Page 2 | 1 in 4 GCSE and A level exam results could be wrong.

goodbyestranger · 02/11/2018 12:28

Agree. Of course it matters if grades are wrong, whether towards the top end or the bottom end or in the middle. On principle it matters and in practical terms it matters.

dennishsherwood · 02/11/2018 15:37

"Does it matter?"

A few months ago, I was at a meeting attended by the great-and-the-good to discuss all this. In response to what I was saying, one of the greatest-and-the-goodest (alas, the Chatham House rules prevent me from saying more), responded, "Well, let's suppose for a moment that what you are saying is valid, and the 1 grade in 4 is wrong. But they're wrong both ways. So a student taking 8 GCSEs has two wrong grades, one too high, one too low. It all comes out in the wash, so it doesn't matter." Most of the heads around the table nodded wisely, and the meeting moved on to something else.

I couldn't believe my ears. Yes, it is true that grades are wrong both ways. But to suggest that a higher grade in [this] offsets a lower grade in [that] is preposterous. But however preposterous it might be, it was said, and said by someone in a very important role.

So if this does matter to you, please say so. We need to have a strong and loud voice to make those careless hierarchs listen!!!

CherryPavlova · 02/11/2018 18:09

Pearsons and AQA do let you have script returned prior to getting remarks. From 2019/2020 teachers will have free access to scripts online. It currently costs about £11 administration charge but you have time to look at paper before review of marking deadline.

noblegiraffe · 02/11/2018 18:16

AQA can’t send you a script before a remark for GCSE. They have to have this in place for 2020. Ofqual said all exam boards have to by then, Edexcel are ahead of the curve with allowing access to all scripts for free.

MNHQ

LilyTheLanternPhantomMumsnet · 02/11/2018 18:19

We're just moving this over to our petitions topic.

CherryPavlova · 02/11/2018 22:52

Noblegirafe you are wrong. AQA can definitely send your script before the review of marketing ng deadline. The 2020 deadline is for free, online access to scripts and not a regulatory reqifrom OfQual.

noblegiraffe · 03/11/2018 00:43

No I’m not. Not for GCSE. “Following Ofqual's decision about post-results, we will not provide priority copies of summer 2018 GCSE papers. We're reviewing this for future series.”
www.aqa.org.uk/exams-administration/results-days/post-results/copy-of-marked-paper

roundaboutthetown · 03/11/2018 09:15

Sounds to me like "wrong" is a matter of opinion here (ie different markers can have different opinions, not that they have generally done anything wrong), and that this issue has existed since exams marked by human beings were invented.
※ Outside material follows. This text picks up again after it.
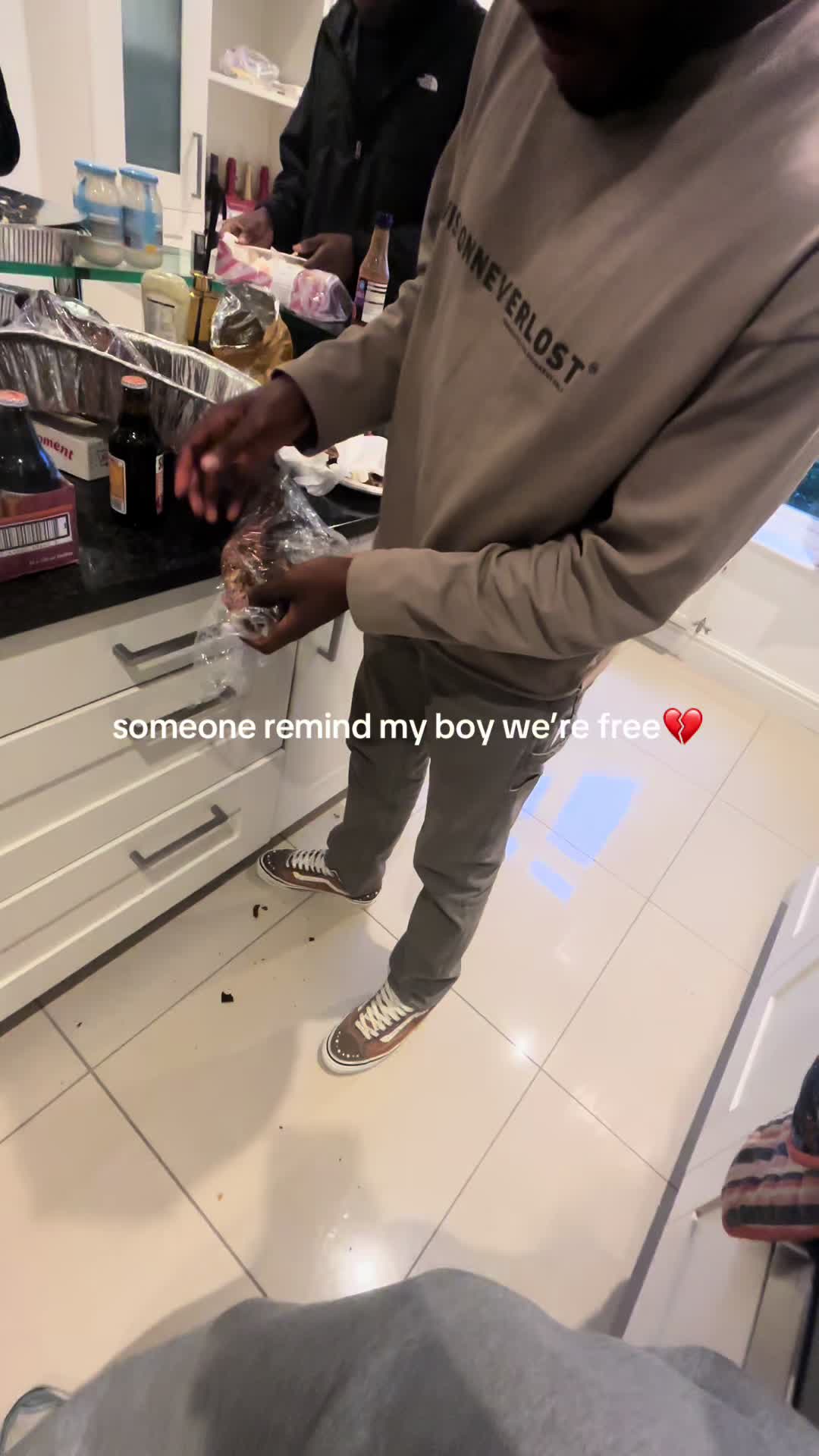 @s4intjt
When have any public, national exams been marked by the same person??? It has never, ever been the case that exam results are a reliable marker of someone's ability, skills and knowledge and never will be, and however "fuzzy" an exam grade, you aren't going to select someone with a lower fuzzy exam grade over someone with a higher fuzzy exam grade unless persuaded to by another human being tou like more who gives you yet another opinion, not fixed facts indisputable by other human beings...
So, what are people really hoping for here? That, eg, the taxpayer should pay for every single exam paper to be marked by five different people and then their marks averaged out for the final result, so as to reduce the risk of being shafted by a mean examiner? Or that schools should be allowed to see a copy of all papers and challenge all marks they do not like without risk of financial penalty, even though this is also phenomenally expensive and unfair, because then children are at the mercy of the determination and quality, or lack thereof, of their school and the ability of administrative systems to cope with being swamped by appeals? I'm failing to see what can be done about it to make it genuinely more fair and less opinionated that is feasible and affordable.
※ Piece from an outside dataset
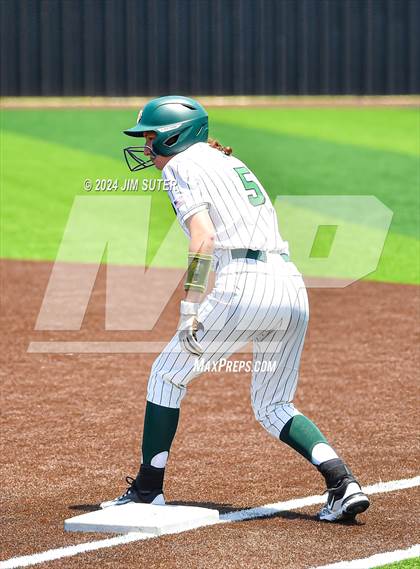 Thumbnail 2 in Franklin vs East Bernard (UIL 3A Region III Semifinal) Game 2 photogallery.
CherryPavlova · 03/11/2018 09:19

Actually most exam papers are marked by several different people. No paper is marked in its entire form. Questions are divided up and each sent to different markers. It’s not about one dodgy marker.
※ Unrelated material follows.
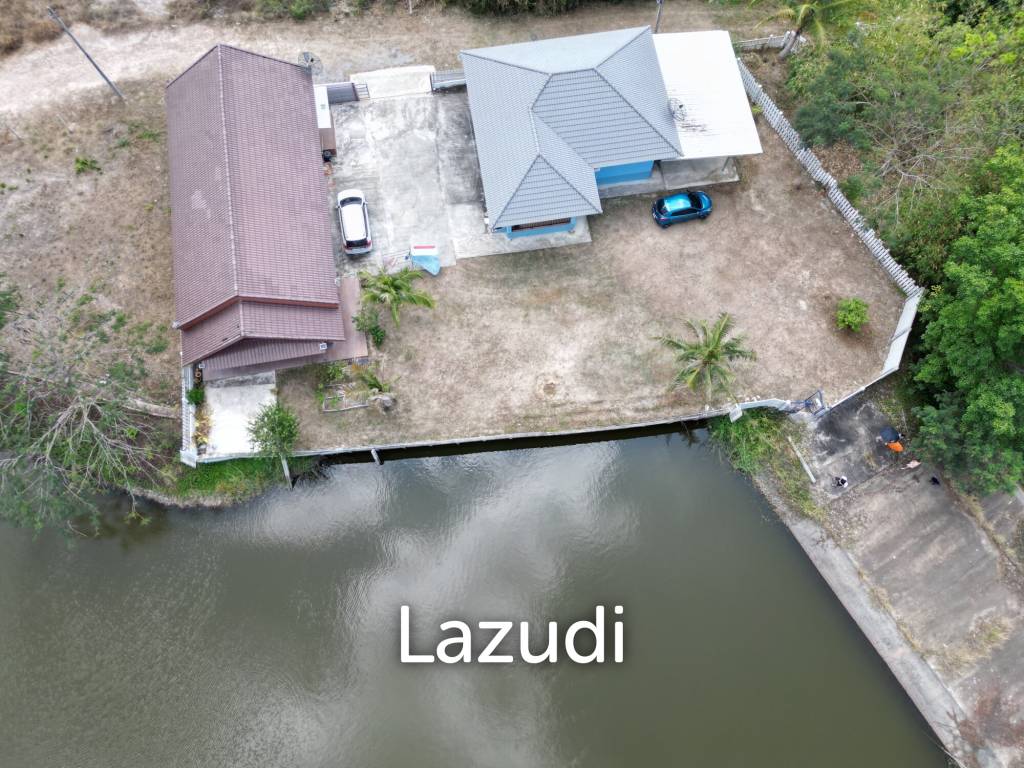 920 Sqm 2 Bed House For Sale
CherryPavlova · 03/11/2018 09:22

Apologies noblegiraffe. A level scripts can be returned in good time but GCSE papers take the longer route. This is so priority is given to ensuring as many young people as possible get their choice of university places.

roundaboutthetown · 03/11/2018 09:30

CherryPavlova - different people marking different bits of an exam paper is not remotely the same thing as 5 people marking the same bits of an exam paper and then averaging out their scores, though, it just means you have an inconsistently marked exam paper by anyone's standards, because it is littered with different people's opinions .

dennishsherwood · 03/11/2018 10:08

Roundaboutthetown asks 'what is "wrong"?'. Pragmatically, if a grade is changed after an appeal, then, from the candidate's point-of-view, the original grade is "wrong". But determining the "right" grade is not so easy, and you're right about the impracticality of multiple marking.

So maybe a more useful term is "reliable" - a "reliable" assessment being one that has a very high probability (say, 99.9% or more) that the original assessment is confirmed if the same script were marked/reviewed/re-marked by any other one (or more) markers.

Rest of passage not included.